Entries provided =
* * *

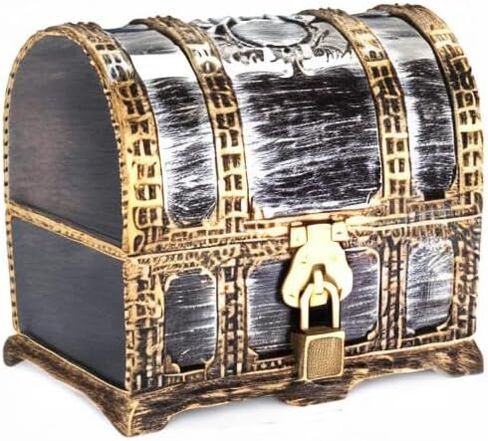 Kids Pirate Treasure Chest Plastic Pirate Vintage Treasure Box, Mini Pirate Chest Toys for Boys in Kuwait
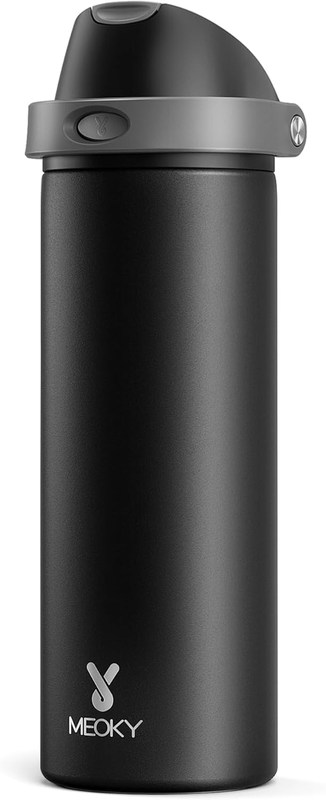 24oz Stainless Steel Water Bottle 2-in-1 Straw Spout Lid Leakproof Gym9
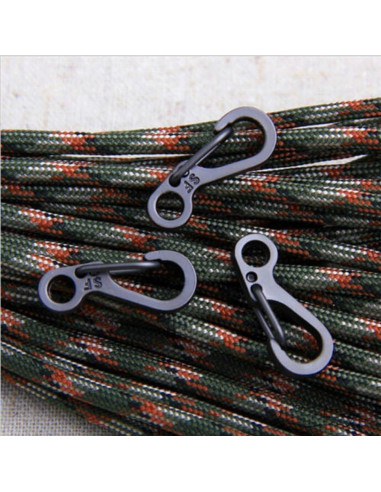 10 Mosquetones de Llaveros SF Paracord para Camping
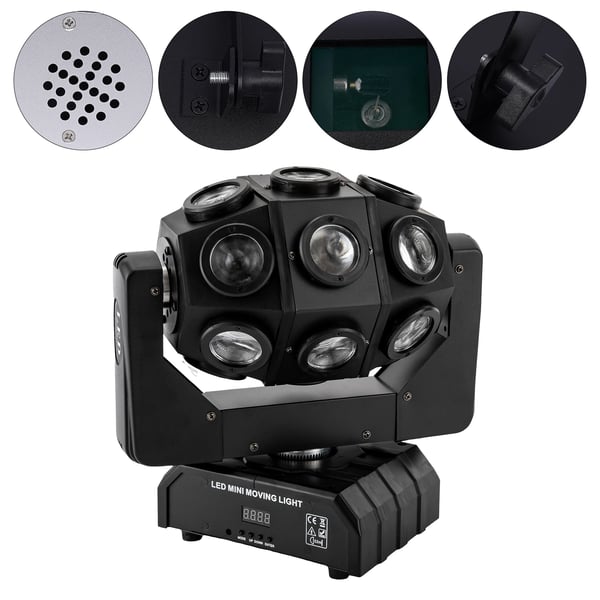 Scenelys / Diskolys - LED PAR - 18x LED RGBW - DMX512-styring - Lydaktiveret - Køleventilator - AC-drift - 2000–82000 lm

* * *

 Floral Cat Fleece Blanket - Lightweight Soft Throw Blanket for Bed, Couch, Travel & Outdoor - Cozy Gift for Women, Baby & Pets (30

* * *

Aim of the task =
All that is wanted is the lines above between the one containing "Kids Pirate Treasure" and the one containing "10 Mosquetones de", inclusive, restated word for word, with pictures omitted.

Task response =
 Kids Pirate Treasure Chest Plastic Pirate Vintage Treasure Box, Mini Pirate Chest Toys for Boys in Kuwait
 24oz Stainless Steel Water Bottle 2-in-1 Straw Spout Lid Leakproof Gym9
 10 Mosquetones de Llaveros SF Paracord para Camping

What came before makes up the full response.